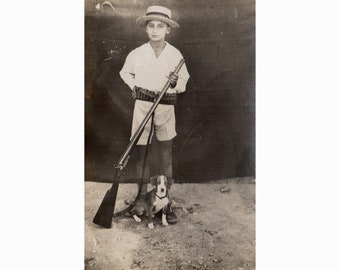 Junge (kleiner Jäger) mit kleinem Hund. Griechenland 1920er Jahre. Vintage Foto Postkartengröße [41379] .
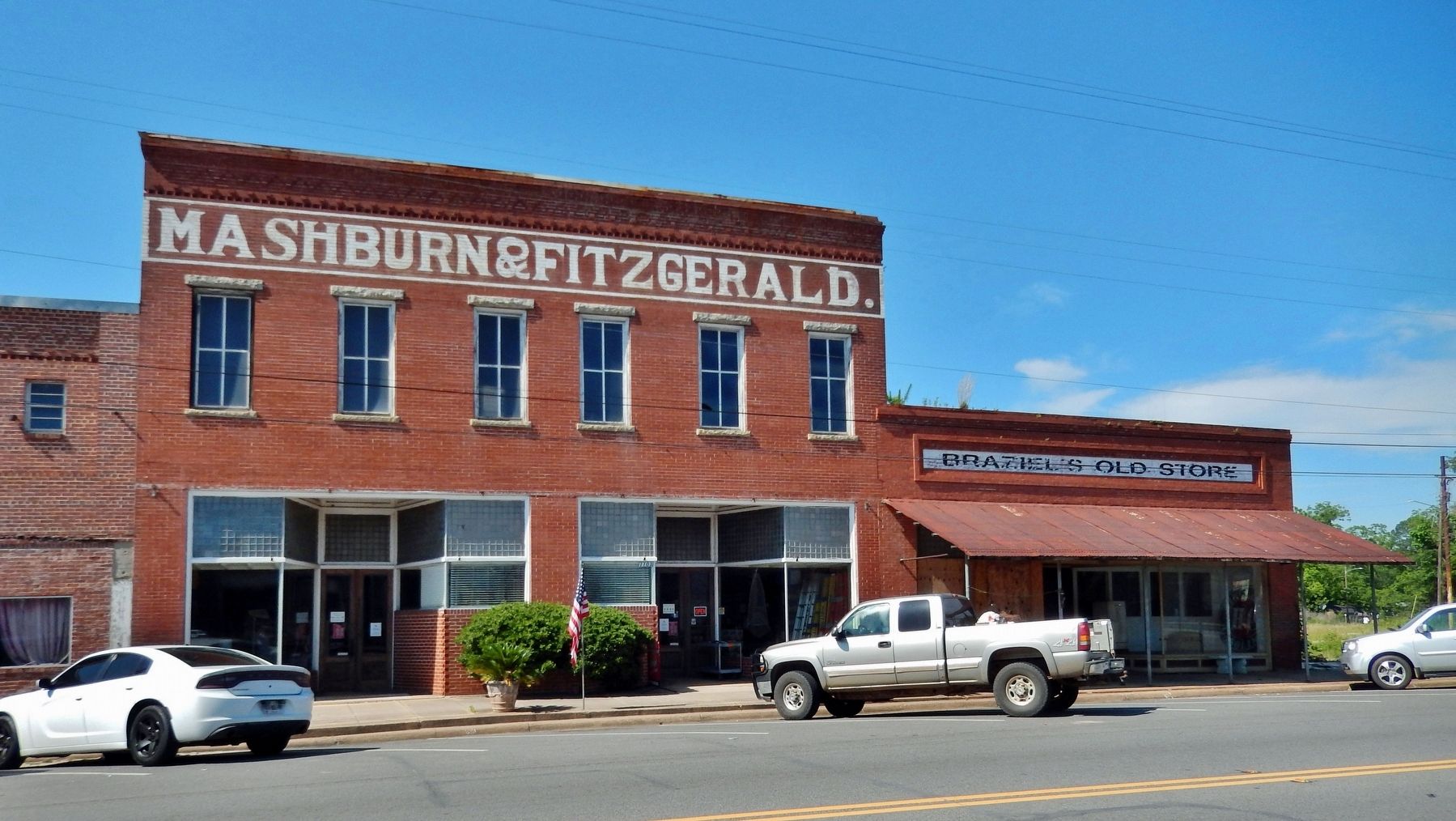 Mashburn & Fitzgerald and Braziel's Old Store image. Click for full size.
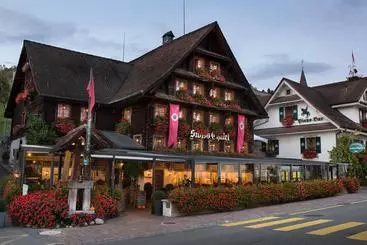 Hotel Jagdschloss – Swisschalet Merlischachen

···

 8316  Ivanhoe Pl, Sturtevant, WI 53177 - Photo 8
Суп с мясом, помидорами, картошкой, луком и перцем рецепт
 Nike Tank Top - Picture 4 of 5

···

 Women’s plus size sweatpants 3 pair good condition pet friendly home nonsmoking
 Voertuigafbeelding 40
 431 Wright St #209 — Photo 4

···

HOW TO COMPLETE THIS TASK.
The result is a copy of every line above where the word "Photo" shows up.

RESULT OF THE EXERCISE.
 8316  Ivanhoe Pl, Sturtevant, WI 53177 - Photo 8
 431 Wright St #209 — Photo 4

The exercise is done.